An Electronic Discovery Blog covering News, Articles
and Thoughts for the Legal and Corporate Community Author: Alexander H. Lubarsky, LL.M., Esq. - email@example.com - Tel. (415) 533-4166 OR 800-375-4222 THIS BLAWG IS NOT AFFILIATED WITH THE WEB SITES WWW.DISCOVERYRESOURCES.ORG OR WWW.DISCOVERYRESOURCES.COM
Sunday, September 12, 2004
Sake and Kinkos and Gavels oh my! 9.12.04
So I stroll up to the clerk's counter at the majestic Ninth Circuit Court in San Francisco, surrounded by crystal chandeliers and marble hallowed halls, the place is a bit intimidating if not downright demeaning. It really puts the insignificance of one's self into stark perspective.

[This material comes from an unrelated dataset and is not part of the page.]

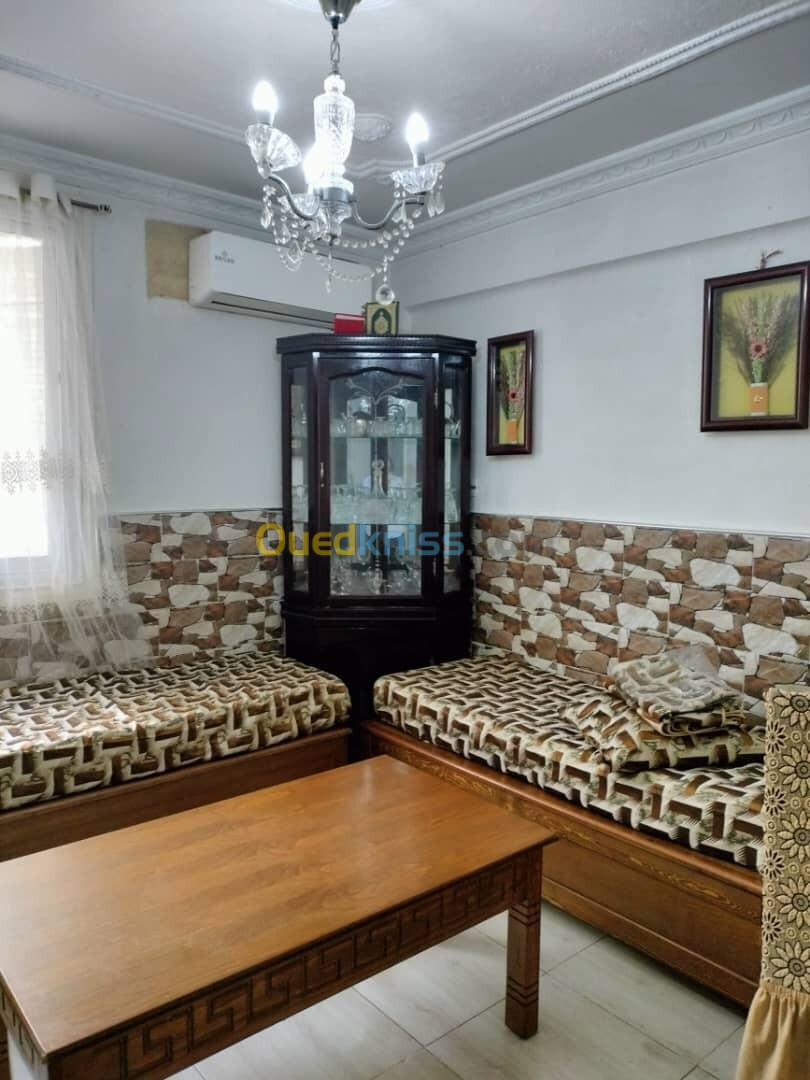 Location Appartement F2 Alger Bordj el kiffan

My filing of a Petition for Review from a State Court appeal goes without a hitch. I realize that it is soon time for a web cast and I've gotta duck into a nice little nook with my cell and tablet pc close in hand. I ask the clerk if there is anywhere I can get a wireless connection at the courthouse. He tells me about cell phone reception. No, I says, not the cell phone ... ya know, the computer... internet. He says his brother in law once played a hand of blackjack on the internet for real money. Then he tells me there is some kind of computer plug thing in the library.

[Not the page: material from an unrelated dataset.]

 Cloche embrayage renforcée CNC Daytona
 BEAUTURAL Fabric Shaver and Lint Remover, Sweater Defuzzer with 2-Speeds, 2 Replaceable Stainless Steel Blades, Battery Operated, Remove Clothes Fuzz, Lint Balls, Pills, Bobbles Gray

I run to the library to find that the computer hook up thing is a universal power adapter that someone most likely left behind as they nervously scuttled up the marble stairs to face a nine judge appellate panel clutching gavels and perfecting their imposing frowns... I stroll over to the law librarian and he says that if I am not a court employee, then there is no access for me. "You're not a court employee, are you?" he asks. I feel like lying right there in the State's highest courthouse and literally standing beneath sitting Federal Circuit judges whose murmurs from the chambers above can be heard through the library's ceiling. My good upbringing gets the better of me and I make a mad dash for the nearest Kinkos.

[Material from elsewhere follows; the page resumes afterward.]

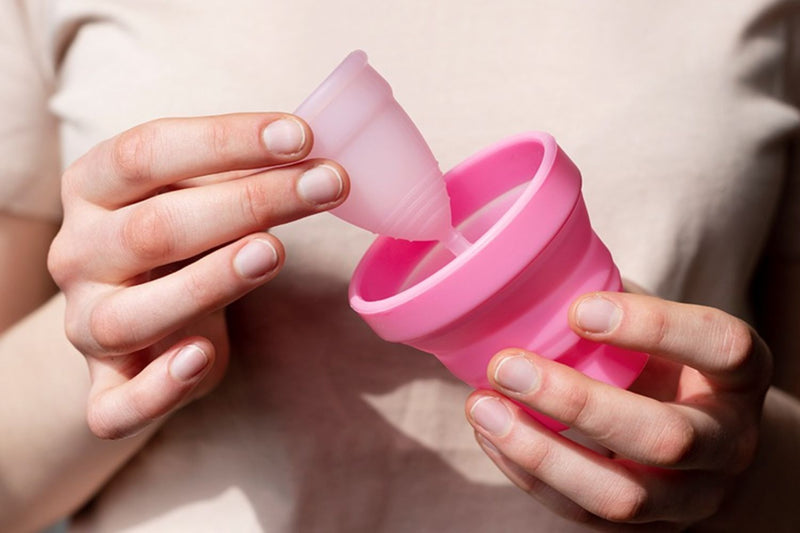How to Clean Your Menstrual Cup (Without Overthinking It)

The lack of technology at the Ninth Circuit makes the new advisory proposal concerning e-discovery come as a shock if not a pleasant surprise. The Court has proposed an absolute duty for counsel to notify opposing counsel of electronic evidence which is likely germane to the litigation at hand and a meet and confer is required to facilitate such. Also, if one party can reasonably show a need for preservation, the court's standards for granting such an order has been lowered and we'll see much more in the way of preservation orders in this jurisdiction. The court is also considering requiring digital production via native or .tiff or some other format that is not paper. This will make the litigators just as happy as the environmentalists. The Chief Justice of the Ninth Circuit deserves a kiss from Julia Butterfly whatshername tree sitter... Finally, the courts suggest that responses to RFP's should indicate which types of media have been harvested and reviewed. This will help minimize the "you hid the smoking gun" allegations that are a staple in modern litigation.
The guy at Kinkos directed me to a Starbucks but I did not have the password there. I finally ended up at a sushi joint that specializes in Spider Rolls and DSL connections... Ever tried giving a presentation while chewing on sashimi and knocking down a few sakes?